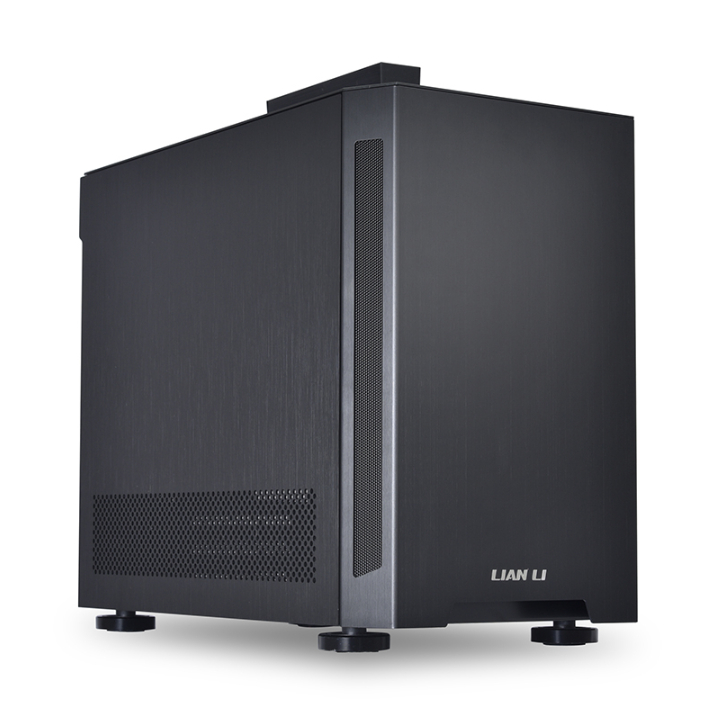  <b>Mini-Tower Case:</b> TU150 - Black<br>2x USB 3.0, 1x USB Type-C, 1x HD Audio, Solid Aluminium Side Panels, Supports: mini-ITX/mini-DTX  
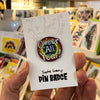 Queer all Year Enamel Badge by Sophie Green for sale at Mostyn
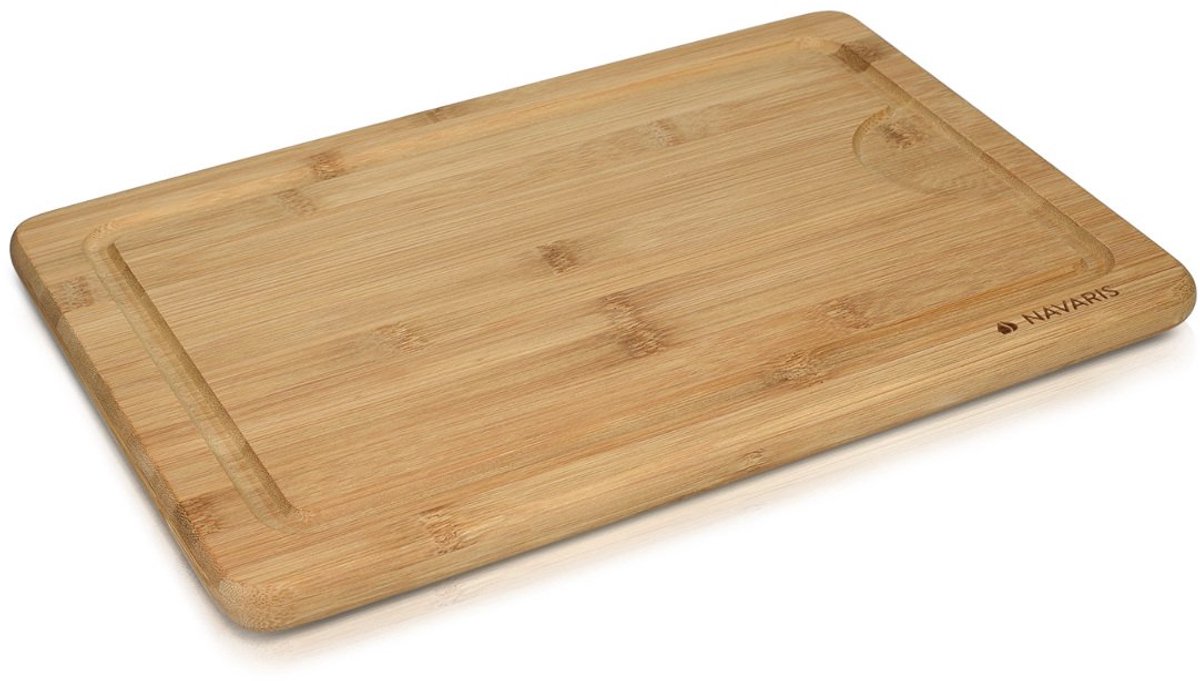 Bamboe Houten Snijplank met Sapgroef - 35 x 23,5 cm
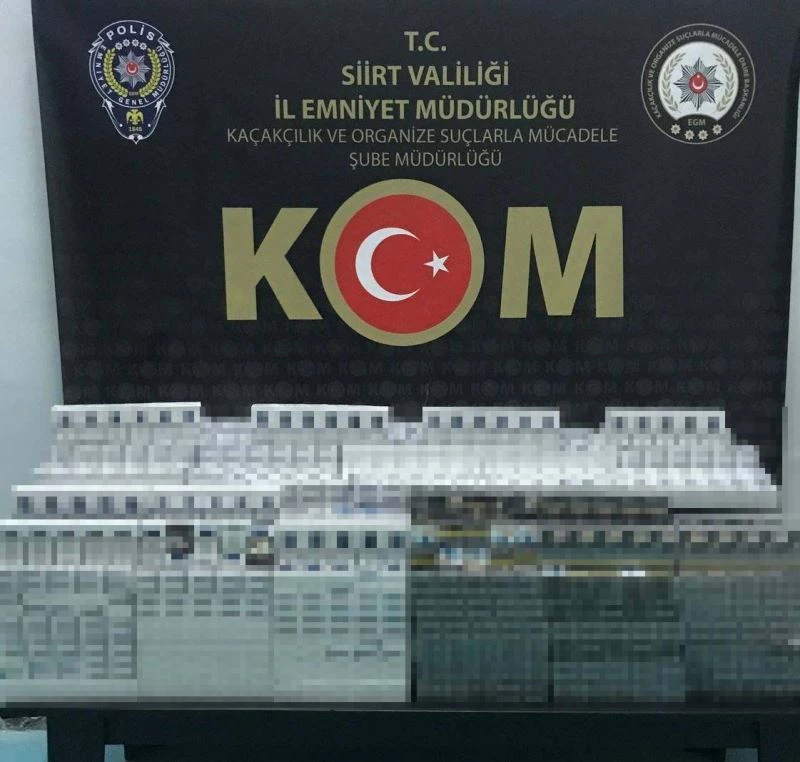 Siirt’te 4 bin 655 paket kaçak sigara ele geçirildi
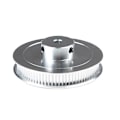 Miniatyrbillede 1 af 5: GT2 Tandhjul 3D Printer Del 80 Tænder 2GT Synkron Trækskive Hul Bredde 6mm GT2 Tandrem GT2 Trækskive Silver 0.08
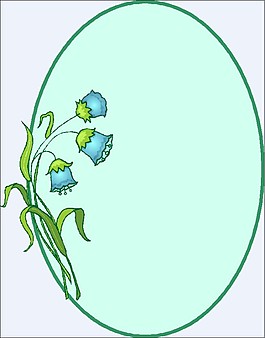 矢量花紋邊框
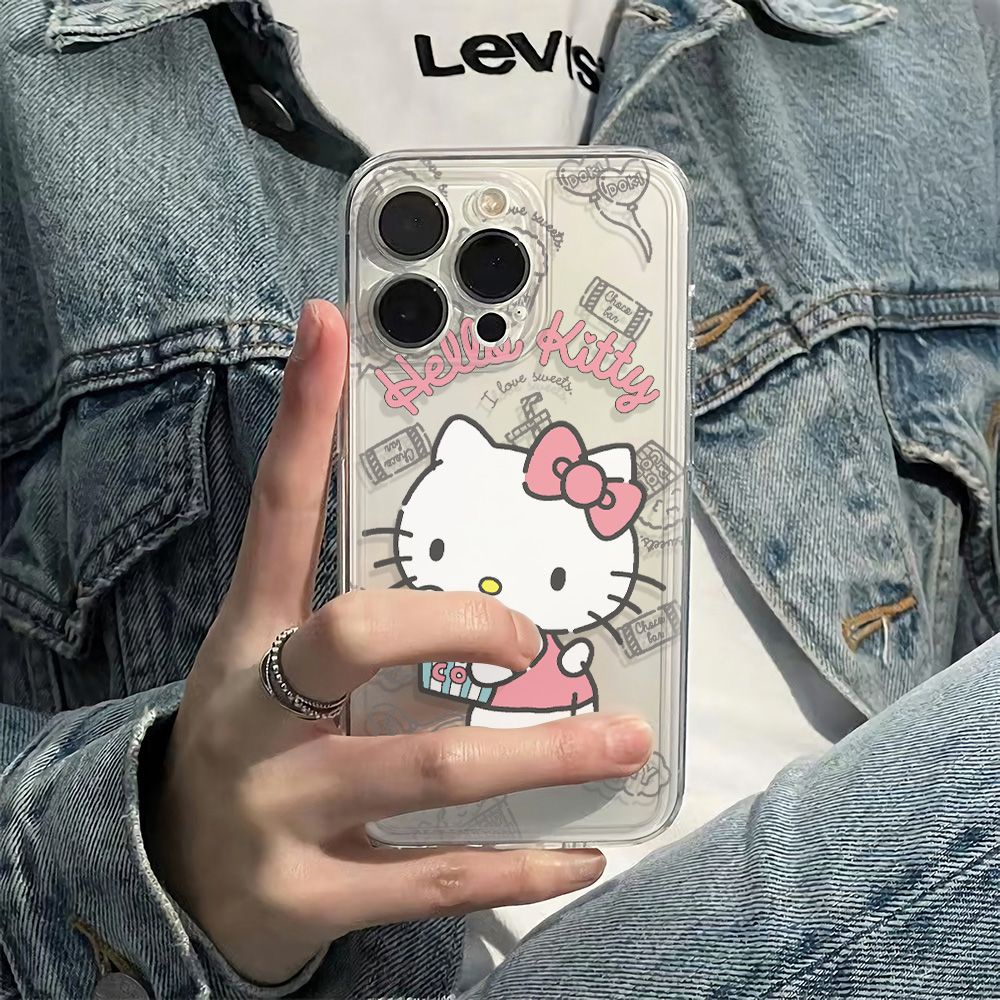 ✅Ốp Điện Thoại Mềm Chống Sốc In Hình Mèo KITTY Cho Apple iPhone12 Simple 136Inmax 1114proplus78 5ZER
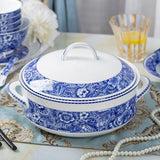 AOOKMIYA Jingdezhen bone china tableware set 60 head enamel color dishes Chinese ceramic dishes simple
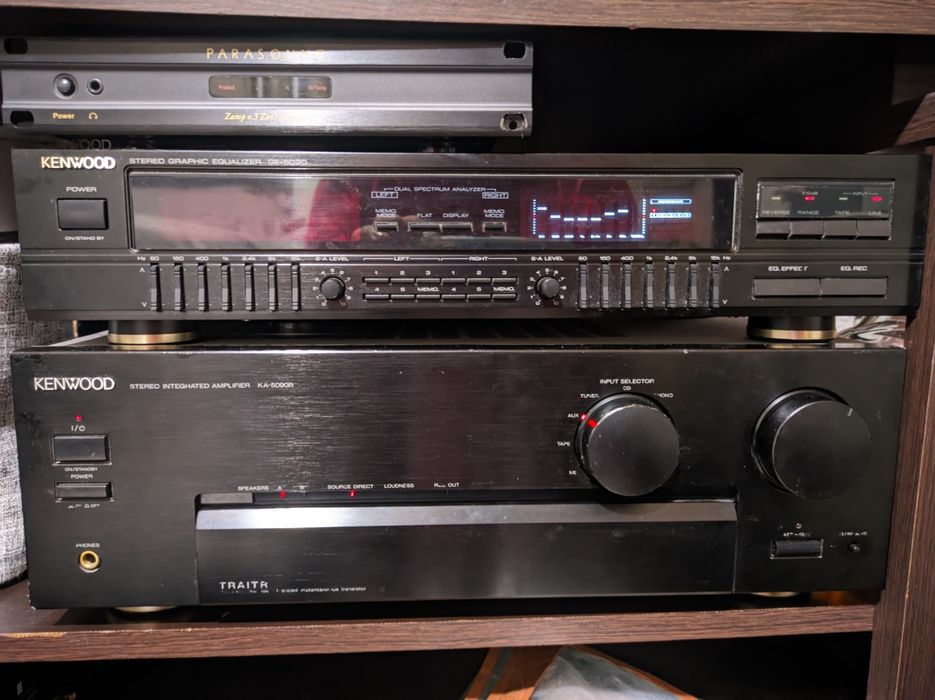 Kenwood KA-5090R  підсилювач, Еквалайзер Kenwood GE 5020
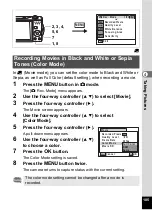 Preview for 107 page of Pentax Optio V10 Operating Manual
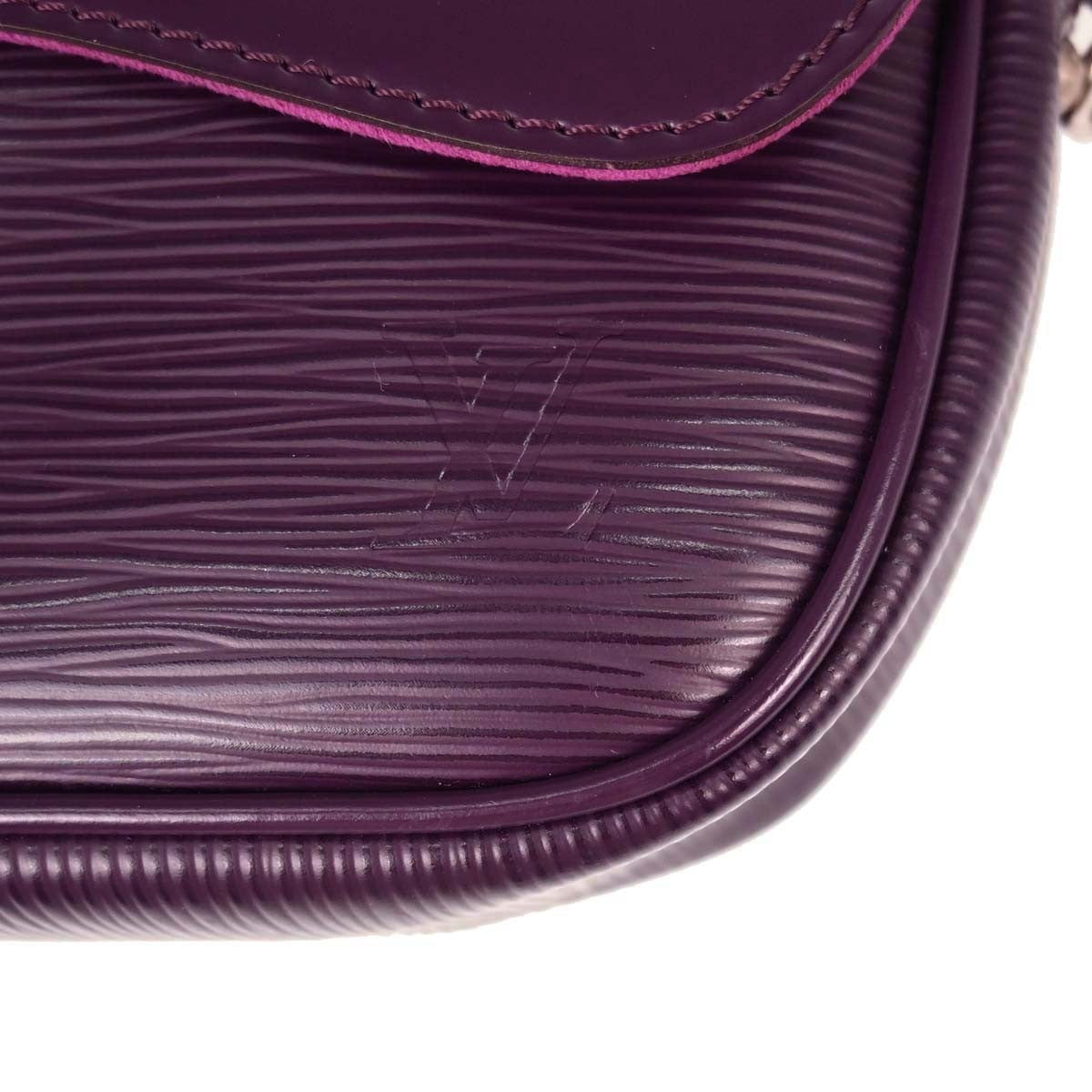 Louis Vuitton Montaigne Clutch Epi Leather Purple Leather Clutche & Pouche Bag (Pre-Owned)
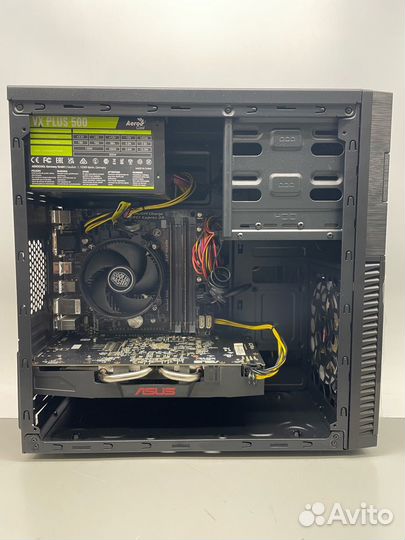 Игровой пк i3-4330/RX 470 4GB/8GB/HDD500GB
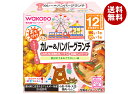 和光堂 BIGサイズの栄養マルシェ おでかけカレー&ハンバーグランチ 190g(110g+80g)×24個入×(2ケース)| 送料無料 ベビーフード お弁当 ランチ カレーライス ハンバーグ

WORK ORDER -
Repeat the data above exactly, leaving out any pictures it holds.

SOLUTION TO THIS EXERCISE -
  <b>Mini-Tower Case:</b> TU150 - Black<br>2x USB 3.0, 1x USB Type-C, 1x HD Audio, Solid Aluminium Side Panels, Supports: mini-ITX/mini-DTX  
 Queer all Year Enamel Badge by Sophie Green for sale at Mostyn
 Bamboe Houten Snijplank met Sapgroef - 35 x 23,5 cm
 Siirt’te 4 bin 655 paket kaçak sigara ele geçirildi
 Miniatyrbillede 1 af 5: GT2 Tandhjul 3D Printer Del 80 Tænder 2GT Synkron Trækskive Hul Bredde 6mm GT2 Tandrem GT2 Trækskive Silver 0.08
 矢量花紋邊框
 ✅Ốp Điện Thoại Mềm Chống Sốc In Hình Mèo KITTY Cho Apple iPhone12 Simple 136Inmax 1114proplus78 5ZER
 AOOKMIYA Jingdezhen bone china tableware set 60 head enamel color dishes Chinese ceramic dishes simple
 Kenwood KA-5090R  підсилювач, Еквалайзер Kenwood GE 5020
 Preview for 107 page of Pentax Optio V10 Operating Manual
 Louis Vuitton Montaigne Clutch Epi Leather Purple Leather Clutche & Pouche Bag (Pre-Owned)
 Игровой пк i3-4330/RX 470 4GB/8GB/HDD500GB
 和光堂 BIGサイズの栄養マルシェ おでかけカレー&ハンバーグランチ 190g(110g+80g)×24個入×(2ケース)| 送料無料 ベビーフード お弁当 ランチ カレーライス ハンバーグ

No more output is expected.